US investment bank Morgan Stanley is in line to more than double the equity it invested in one of London’s highest profile office buildings after it was sold to a Hong Kong-based investor for a UK record price. Lee Kum Kee, a company best known for food products including soy sauce, has purchased 20 Fenchurch Street in the City of London for £1.28 billion ($1.68 billion; €1.44 billion), the highest amount of money paid for a single office building in the country to date.
The building was purchased from a 50:50 joint venture between its developer, the London-listed REIT Land Securities, and a consortium including Canary Wharf Group, another London developer now owned by sovereign wealth fund Qatar Investment Authority. Also included in the consortium was Chinese sovereign wealth fund, China Investment Corporation, and Morgan Stanley Real Estate Investing, the unit at Morgan Stanley responsible for its principal property investments. QIA, CIC and MSREI each held stakes of around 12 percent.
The joint venture purchased the land in 2010 for around £90 million and finished development, which is understood to have cost about £350 million, in 2014. These costs would imply that MSREI made approximately £156 million from an original investment of around £53 million in the 670,000 square foot property which is now fully-let to tenants including insurers Markel, RSA and Liberty Mutual.
MSREI’s profit will come via its cornerstone investment in Morgan Stanley Real Estate Special Situations Fund III, an open-ended real estate opportunity fund it launched in 2006, through which it predominantly made investments in real estate operating companies. At its peak, SSF III held almost $6 billion in equity from institutional investors, high net worth individuals as well as Morgan Stanley, which was understood to have as much as 25 percent of the fund’s equity at one point.
In line with opportunistic strategies, the fund is expected to generate an internal rate of return of 20 percent or more.
SSF III is no longer under the management of MSREI after it contravened the Volker Rule of the Dodd-Frank Wall Street Reform and Consumer Protection Act, a piece of regulation introduced after the global financial crisis in 2008 to prevent US financial organizations from making outsized proprietary bets via vehicles they managed. In 2013, its management team spun out to form Proprium Capital Partners and converted the fund, which had approximately $3 billion of assets left at the time, into a closed-ended vehicle with a view to liquidating the holdings, including the stake in 20 Fenchurch Street.
The sale, which analysts at JPMorgan said reflected a net initial yield of just 3.4 percent, was considered a resounding win for MSREI, regardless of it being forced to relinquish its management, given the size of its equity in SSF III. One senior executive at the bank who spoke on the condition of anonymity said of Proprium: “It cannot be they didn’t more than double their money on an unlevered basis. That’s a lot of money.”
He recalled: “We didn’t want to put debt on it so purchased the thing all-equity. We then funded it all-equity. Only after it was open and let did [Land Securities] do a refinancing.
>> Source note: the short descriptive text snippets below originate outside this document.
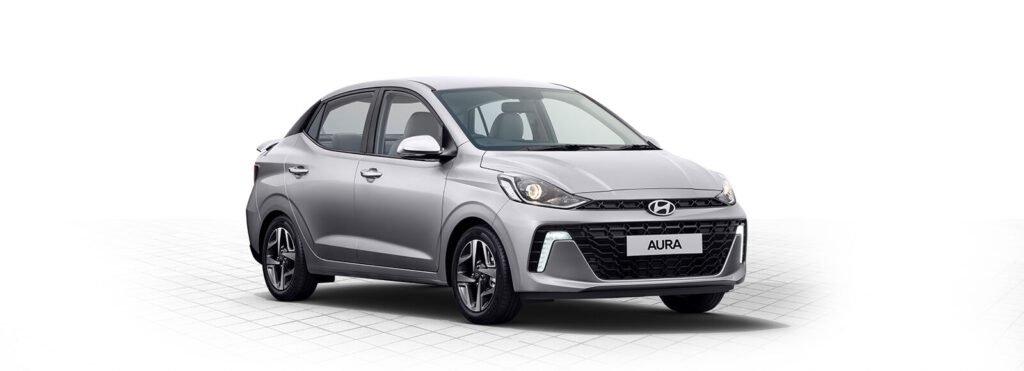 Hyundai Aura S AMT Sedan Front and Side View with LED DRLs and Stylish Design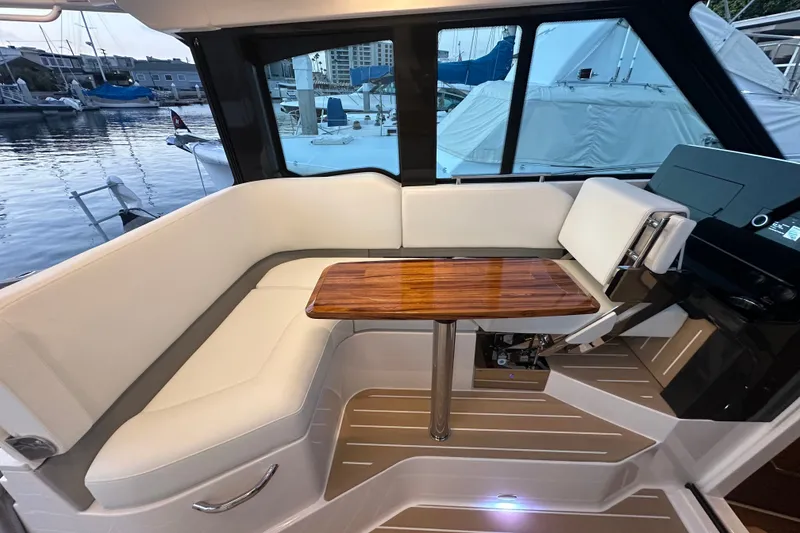 Slide: The Image of Luxurious interior of 2027 Tiara Yachts 39 LE with elegant seating and wooden table. - 28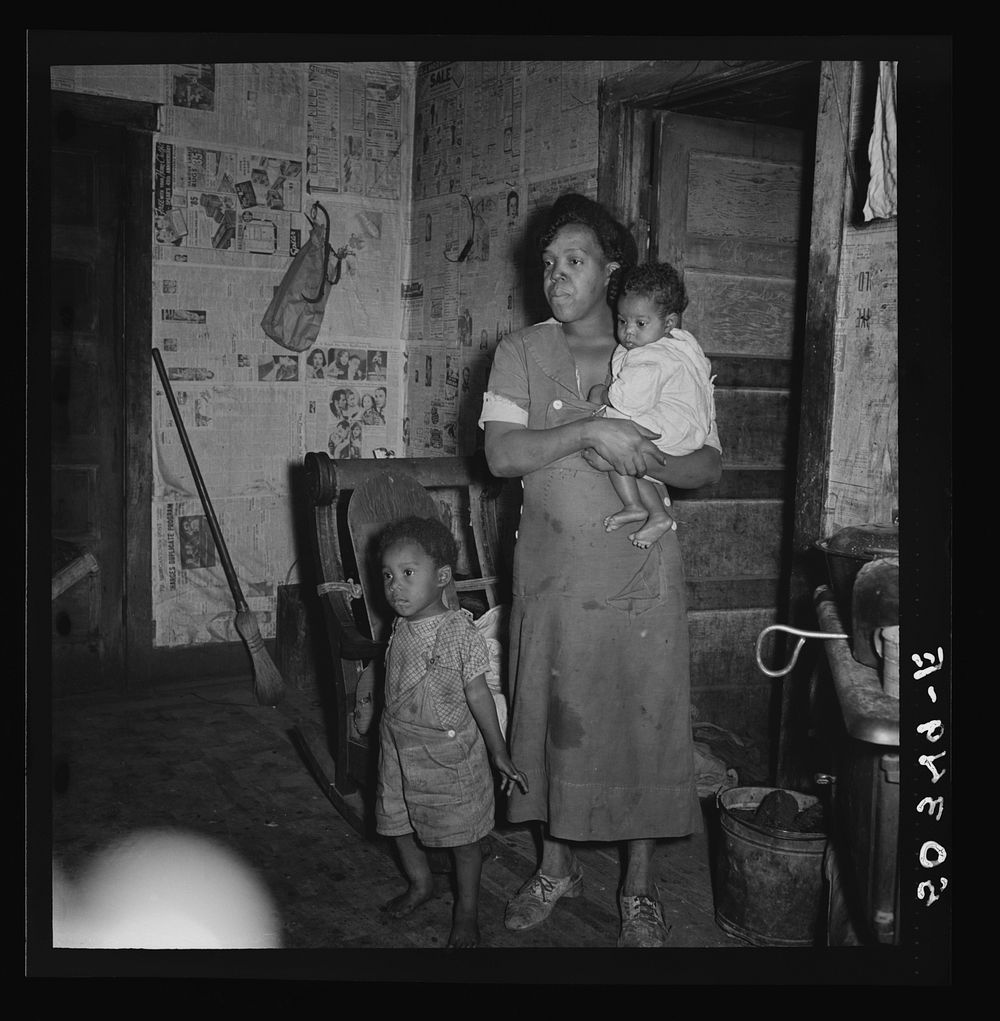 [Untitled photo, possibly related to: Coal miner's wife and two of their children. Bertha Hill, West Virginia]. Sourced from…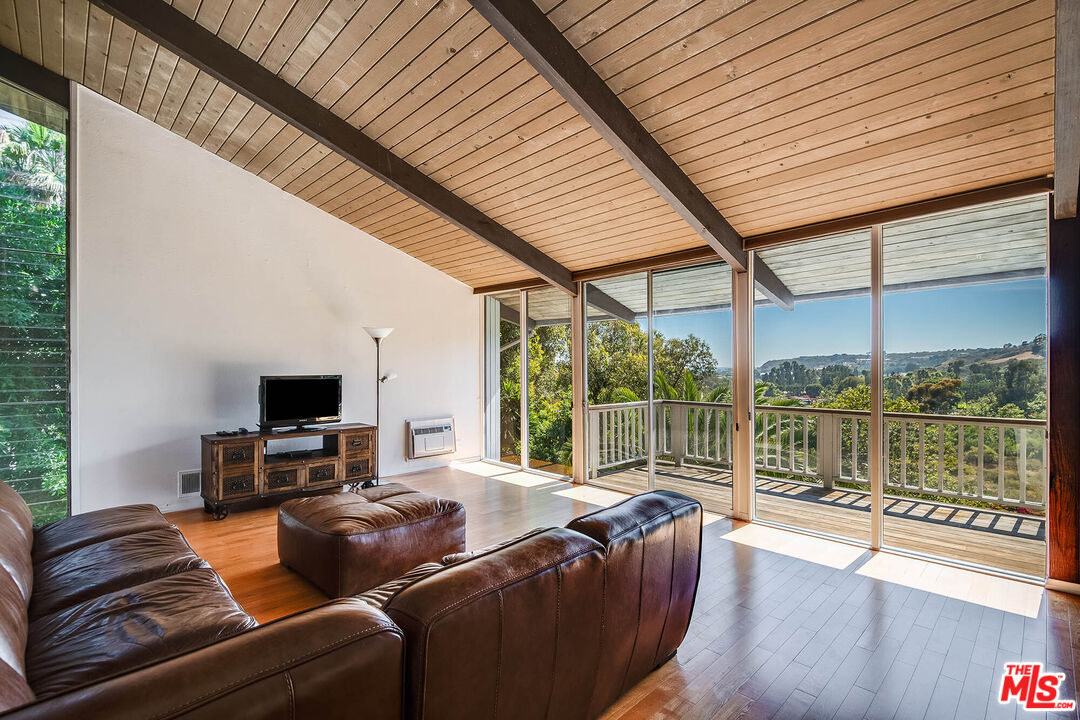 3557 Serra Road Malibu, CA 90265 - Photo 7 of 32 a living room with furniture a flat screen tv and a floor to ceiling window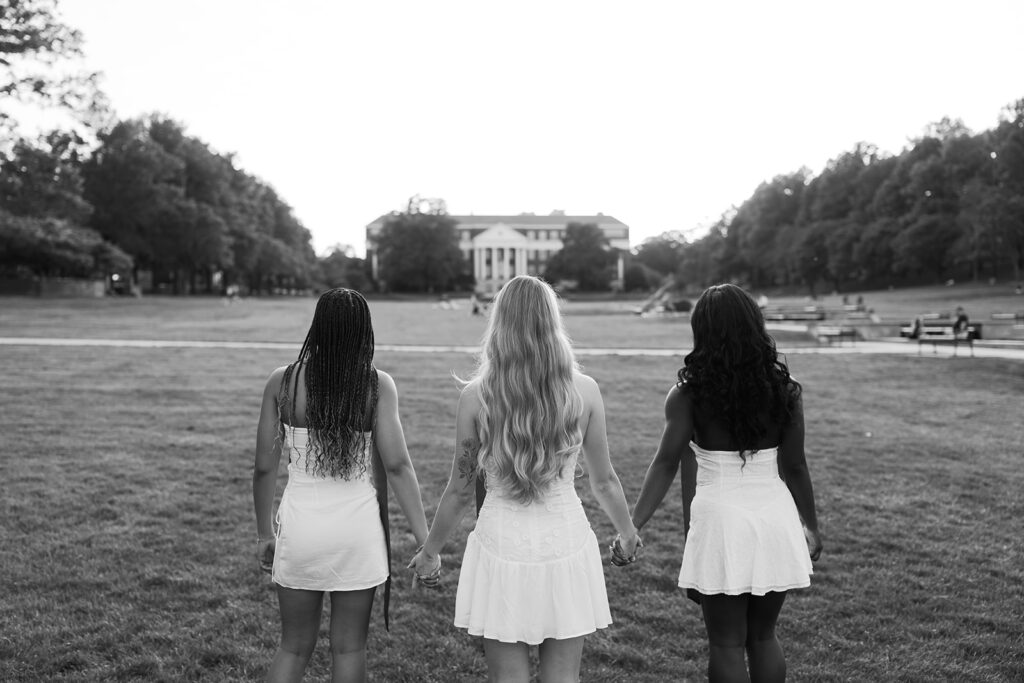 Black and white image of 3 best friends holding hands with their backs to the camera as they walk towards McKeldin Library on McKeldin mall at the University of Maryland captured by Brenna Marie Photography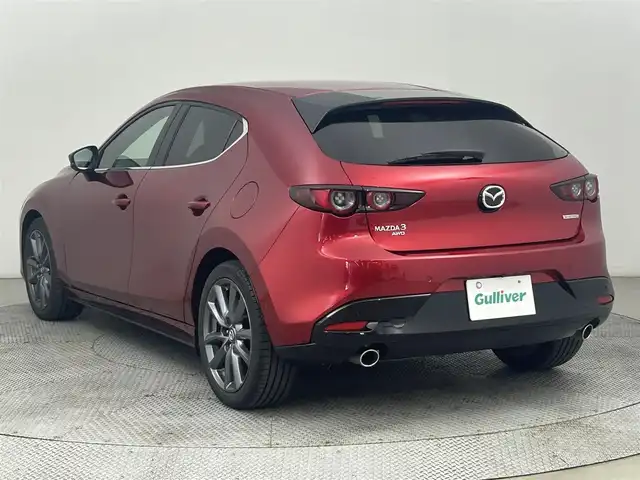 マツダ マツダ３ファストバック 15S ツーリング 道央・札幌 2020(令2)年 3.1万km ソウルレッドクリスタルM ・4WD/・純正SDナビゲーション/　CD/DVD/HDD/HDMI/フルセグ/USB/・i-ACTIVESENSE/・ビルトインETC/・社外ドライブレコーダー前後（ZRR-０１６）/・レーダークルーズコントロール/・横滑り防止装置/・前後コーナーセンサー/・オートライト/・オートマチックハイビーム/・オートブレーキホールド/・LEDヘッドライト/・MTモード付AT/・スマートキー/・プッシュスタート/・スペアキー１本/・純正フロアマット/・純正AW１８インチ/・電動格納ウィンカーミラー/・トノカバー/・取説あり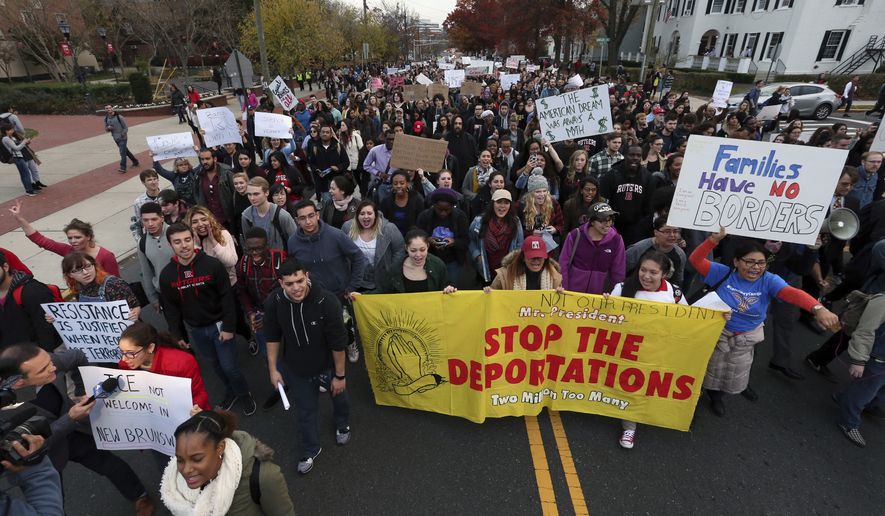 Hundreds of Rutgers University students block College Ave., in New Brunswick, N.J., as they march to protest some of President elect Donald Trump&#39;s policies and to ask school officials to denounce some of his plans at Rutgers University Wednesday, Nov. 16, 2016, in New Brunswick, N.J. College students at campuses around the United States say they are planning rallies and walkouts to call on school administrators to protect students and employees against immigration proceedings under Donald Trump&#39;s presidency. (AP Photo/Mel Evans)
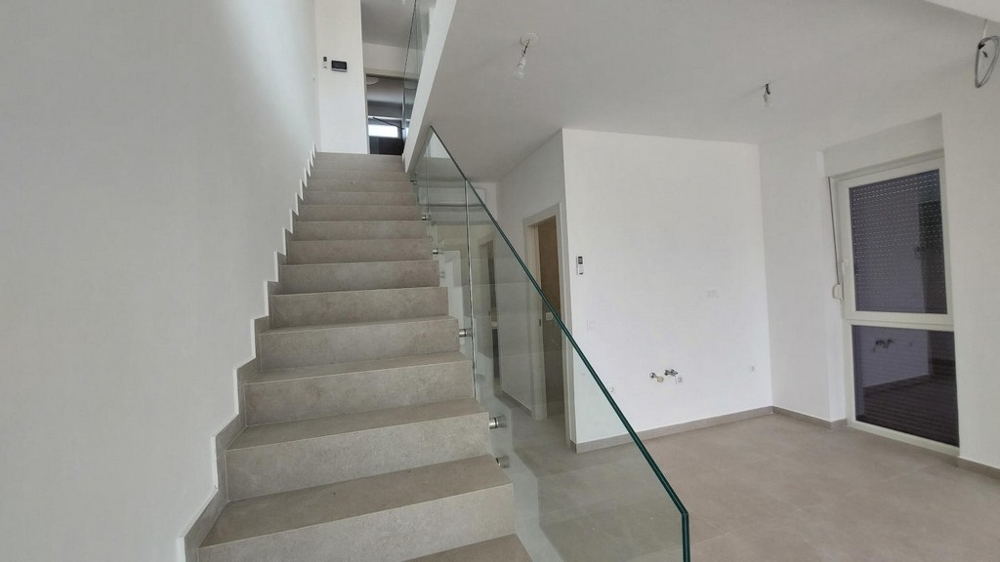 Korytarz z pomalowanymi na biało ścianami, klimatyzacją i drzwiami do innych pomieszczeń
I’m sure with that refinancing alone, they could pull out all their money.”
For its part, Land Securities said it expected to receive £634.5 million in net proceeds after transaction costs, unexpired rent-free periods and other commitments were taken into account.
Robert Noel, chief executive of Land Securities, said: “Our decision to sell 20 Fenchurch Street at an exceptional price and return cash to shareholders reflects our disciplined approach to the use of capital. The building has been an immensely successful project for Landsec and our partners.”
MSREI declined to comment while Proprium was unavailable for comment at press time.